Board President Wes Middleton said the board only has two options, cut the budget or raise taxes—which he added wouldn’t be fair to taxpayers who are already struggling in this economy. “You want raises, you want a new dispatch office and you want a new jail but where’s the money coming from?” he said.
In his letter on Friday, Patten pushed back about the statements.
“I cannot remain silent when statements are being made about people who receive so little pay for the hard work they do,” he wrote. “Department and Agency heads fight daily trying to keep underpaid staff happy for retention reasons and to ensure services are still provided. It’s hard to do that when statements like this are made. Statements like these have a tendency to create hostile work environments. Suddenly other jobs start to look a lot better to an employee tittering on the edge of leaving when they feel unappreciated.”
Patten compared the pay for employees at the sheriff’s department to area agencies, saying that starting pay at the Gloster Police Department is $18 per hour and at the prison on U.S. 84, $18.50 per hour.
“Yet, even with the raises, our jailers are on par with Wendy’s (employees) minus the benefits,” he wrote, adding, “As of Oct. 1st, if raises aren’t given, we will not only be one of the lowest paid in the state for an agency our size, but we will also be the lowest paid in Adams County.”
The sheriff also said raises alone are not the cause of the county’s financial woes. He cited the impact of the COVID-19 pandemic, gas price increases and inflation.
“For the past two years, we have received notification of rate hikes for essential services being provided.
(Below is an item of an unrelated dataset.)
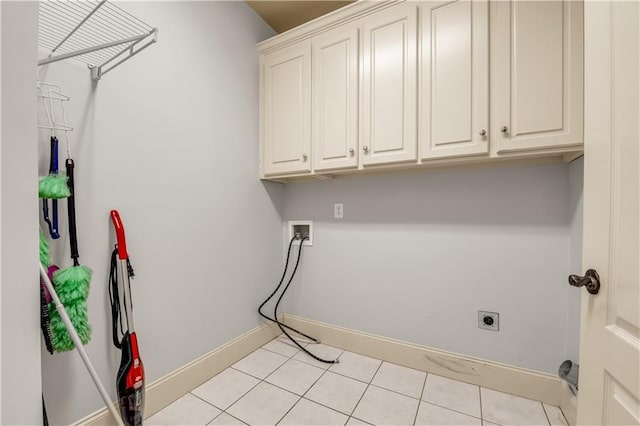 3855 Greenside Ct, Dacula, GA 30019 - laundry area featuring washer hookup, electric dryer hookup, cabinet space, baseboards, and light tile patterned flooring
This includes everything from supplies, uniforms, food, gas, internet, etc. We have been requesting an increase in budget in the amount of $700,000 to cover the rate increases and did not receive an increase. The two largest reasons for this request were because of increases in food costs and gas costs,” he wrote. While the department’s total budget is $4.8 million, Patten said anticipated rate increases for the upcoming year will push the expenses $540,000 over budget.
He also questioned the county’s efficiency in paying bills and invoices, saying that items ordered in the prior fiscal year, issued a P.O. and not delivered, are being paid for with funding from the current fiscal year budget. Moreover, he said, county administrators are not taking advantage of programs such as the Win Job Center’s OTJ Program, which could reimburse the county for up to 640 hours of a new recruit’s salary.
“It’s hard to hear someone talk about saving money when you will not go after the money that is already available and on the table,” he wrote.
While Patten said he is thankful the supervisors have made a commitment to pay employees a living wage, and that they have pushed through items such as emergency vehicle purchases, he wants to reiterate that he believes raises given to employees have been an investment, not simply a budget-busting expense.
“At the end of the day, the raises given to all county workers was less than one percent of the county’s total $34 million budget. With the things that I see the county workers and first responders endure day in and day out, I feel like they are worth that and more.”